En juin 2012 le président Ali Bongo dénonçait, dans un discours devant les hauts cadres du pays, la corruption, le harcèlement sexuel et le trafic d’influence dans l’administration. «Le harcèlement sexuel prend de l’ampleur et démotive les personnes compétentes», lançait-il pour fustiger les comportements rétrogrades de certains fonctionnaires. Un peu comme pour traduire ce réquisitoire en acte, Ida Reteno Assonouet, alors ministre de la Justice, proposait, le 21 novembre de la même année devant la Commission des Lois, des Affaires administratives et des Droits de l’Homme de l’Assemblée nationale, des amendements du code pénal gabonais actuel, visant à réprimer sévèrement le harcèlement sexuel en milieu professionnel. Depuis lors les choses n’ont pas vraiment bougé, même si en mai dernier un texte de loi, initié par Angélique Ngoma, était examiné à l’Assemblée nationale.
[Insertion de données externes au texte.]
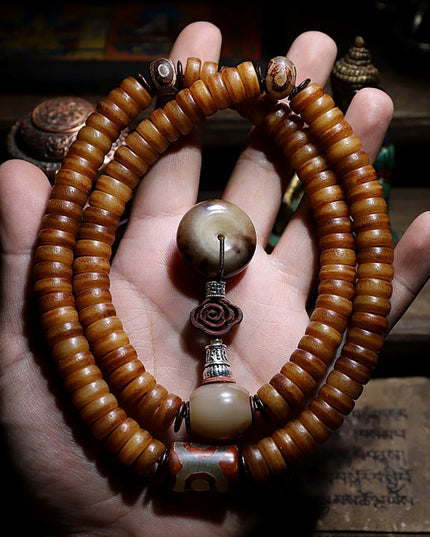Vitality Yak Bone 108 Mala Beads Necklace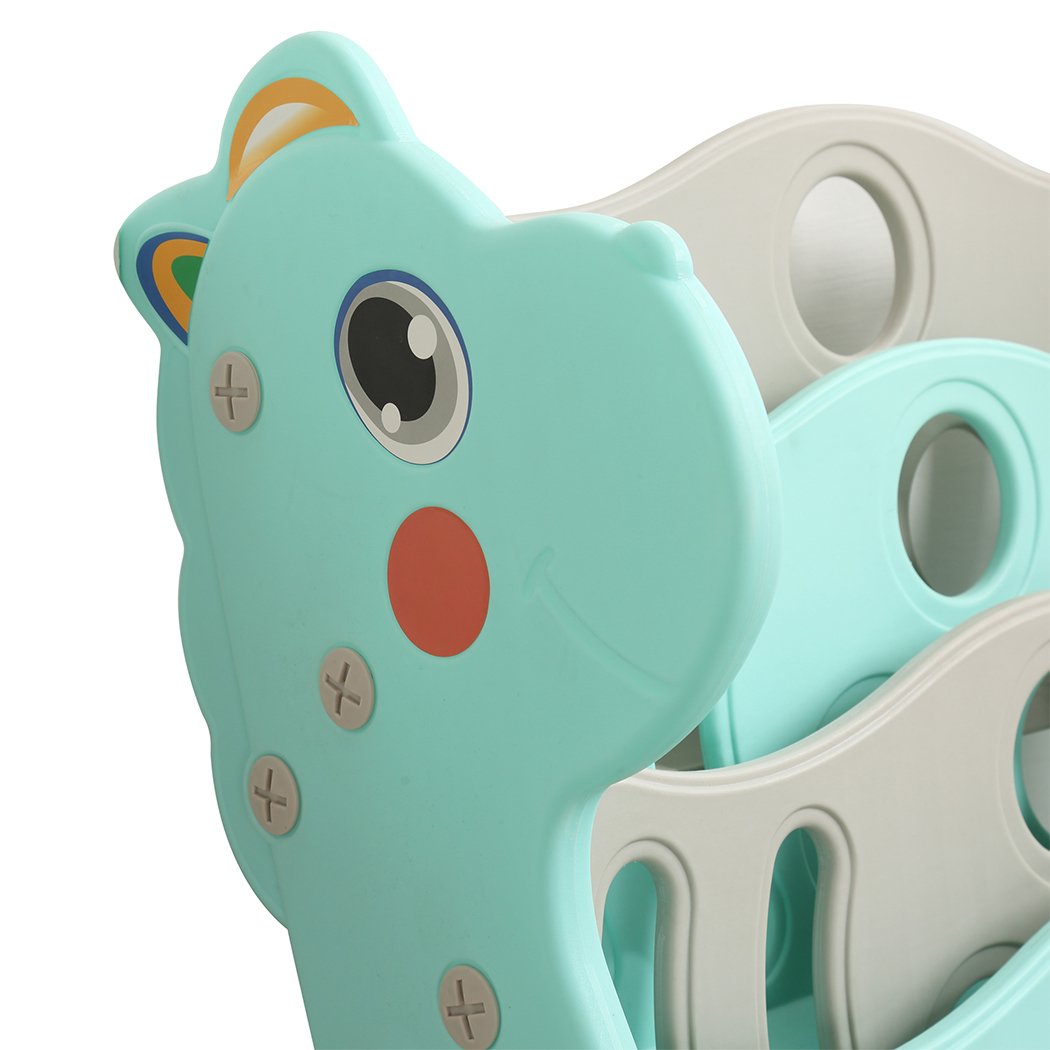 BoPeep Kids Bookshelf featuring a vibrant giraffe design with four deep shelves for children's books, made from safe polyethylene material.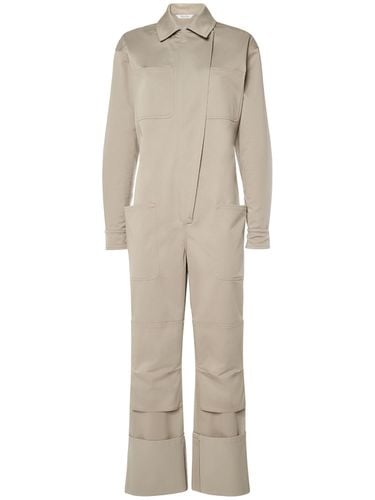 Cotton Gabardine Jumpsuit W/shirt Collar - MAX MARA - Modalova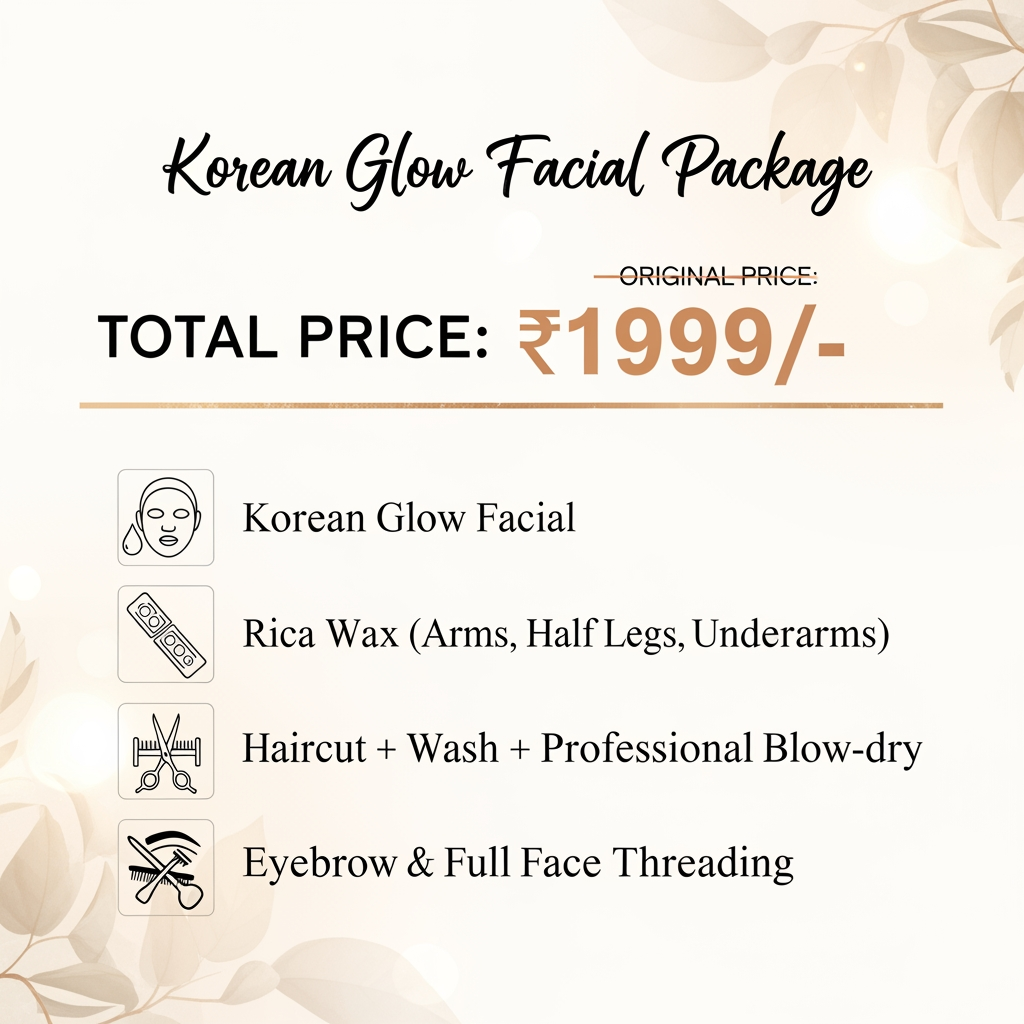 AI Design for create a template with full package with Service	below mentioned in total Price of 1999/- service included are 
Korean Glow Facial	
Rica Wax (Arms, half Legs, Underarms)
Haircut + Wash + Professional Blow-dry	
Eyebrow & Full Face Threading	
Total Value	₹1999/-
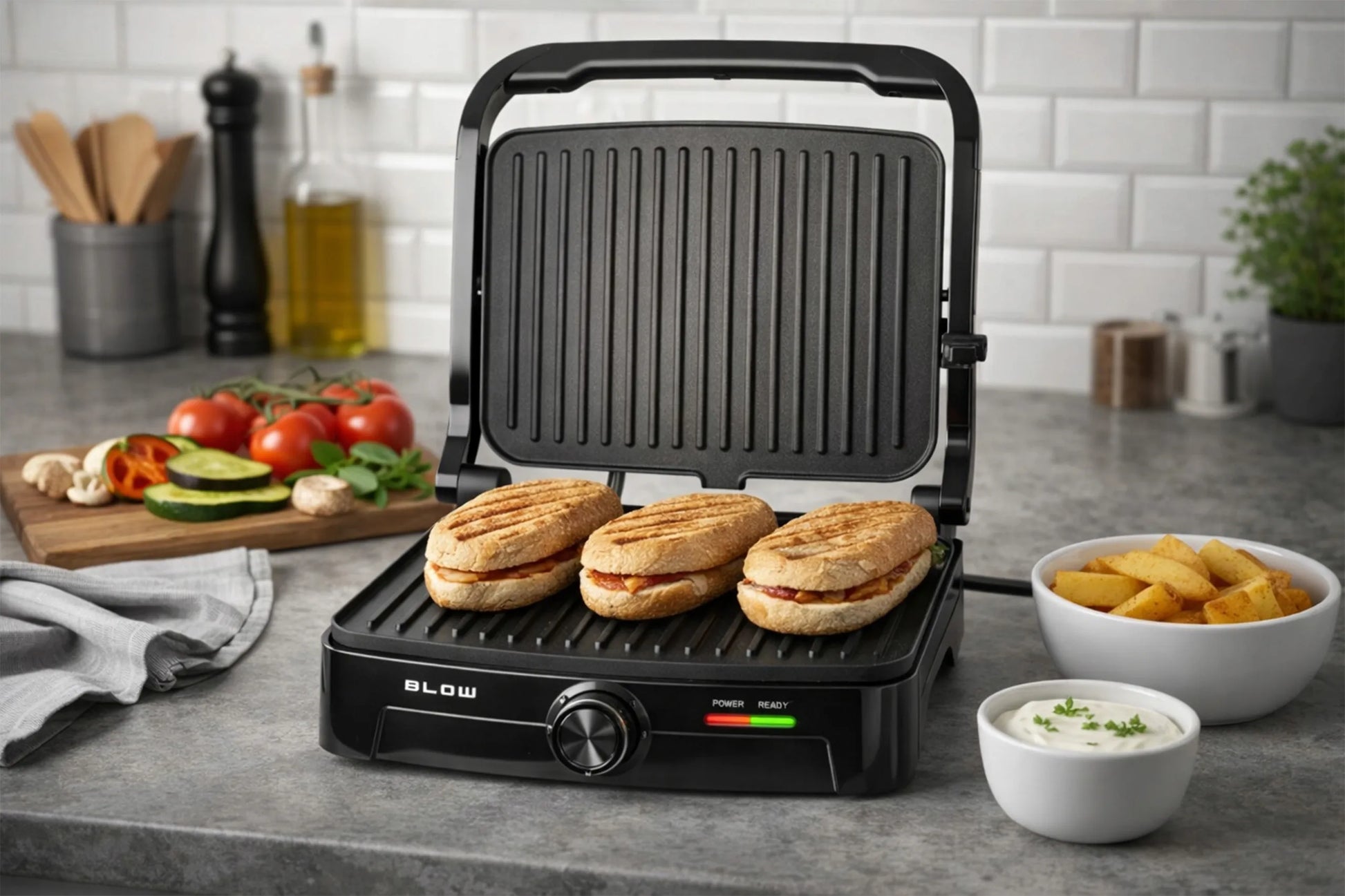 Elektrinis grilis BLOW Master Grill Duo, 2500W, panini skrudintuvas, atlenkiamas 180°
La proposition de l’élue de Mayumba porte, a-t-on alors appris, sur les principes et mécanismes de lutte contre le harcèlement sexuel en milieu professionnel.
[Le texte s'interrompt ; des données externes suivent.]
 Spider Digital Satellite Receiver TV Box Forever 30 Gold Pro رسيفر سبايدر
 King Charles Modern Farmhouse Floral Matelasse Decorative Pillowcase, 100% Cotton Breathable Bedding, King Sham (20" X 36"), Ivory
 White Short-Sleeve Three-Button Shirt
Ainsi, le sujet tabou du harcèlement sexuel en milieu professionnel sort de plus en plus de l’ombre. Le phénomène était en effet mal défini et ne donnait en général lieu à aucune protection juridique un peu partout dans le monde, encore plus au Gabon où de nombreuses femmes s’emmurent dans l’omerta, de peur non seulement de ne pouvoir avoir gain de cause, mais surtout de perdre leur emploi.
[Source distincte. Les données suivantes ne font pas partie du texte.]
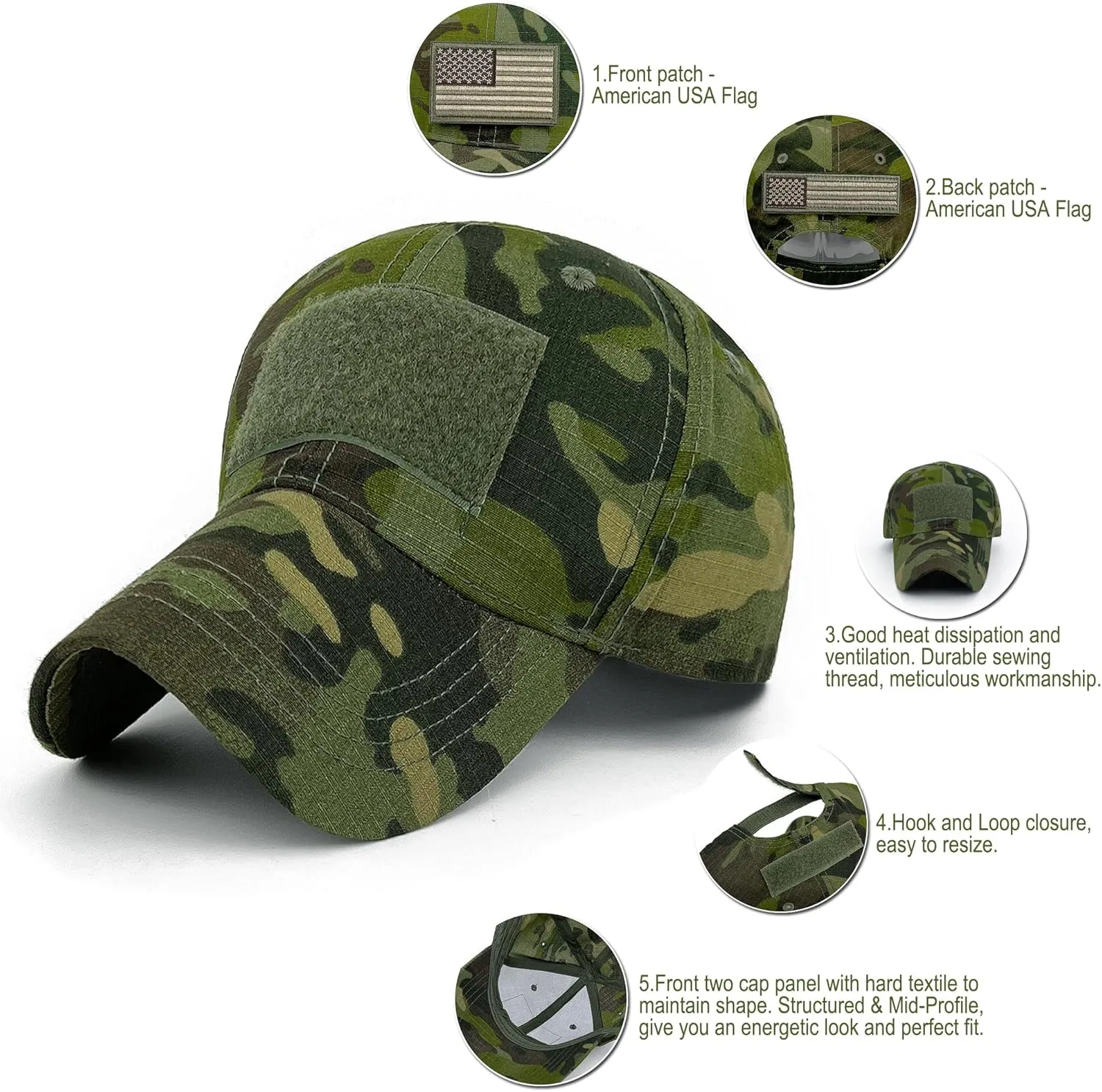 Men American Flag Patch Tactical Camo Baseball Cap Women USA Flag Military Army Patriotic Operator Camouflage Hat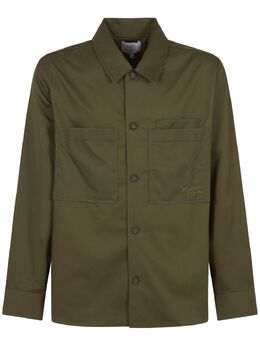 Maison Kitsuné: Рубашка цвета хаки 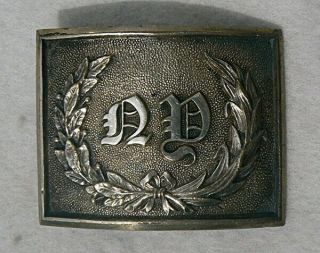 York Militia Indian Wars Era Officers Nickel Plated Belt Buckle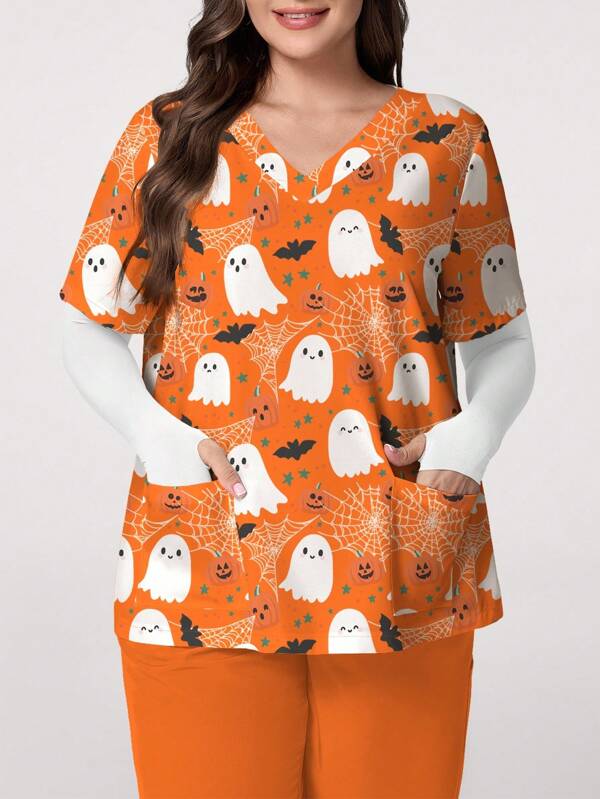 PopScrub Plus Size Women Summer V-Neck Short Sleeve Cartoon Ghost, Pumpkin, Spider Web, Bat Print Casual Nurse Scrub Uniform Top, Halloween Halloween Scrub Top Halloween Scrubs Women Halloween Scrubs Nurse Halloween Scrubs Scrubs Halloween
«J’ai gagné six millions de F.CFA dans un procès contre la banque qui m’employait. Si au tribunal, il s’est agit d’un procès pour licenciement abusif, le fond du problème est que j’avais été victime de harcèlement sexuel», raconte Cathy, une belle métisse de Libreville aux formes avantageuses. «Ne sachant que faire, poursuit-elle, j’avais fait convoquer à la police mon chef de service parce qu’il me soumettait à un chantage dont la rançon était de m’offrir à lui. Il a convaincu la hiérarchie qu’en l’amenant au commissariat j’avais porté atteinte à l’image de la banque. C’était la raison officielle de mon licenciement après de longues années de bons et loyaux services.»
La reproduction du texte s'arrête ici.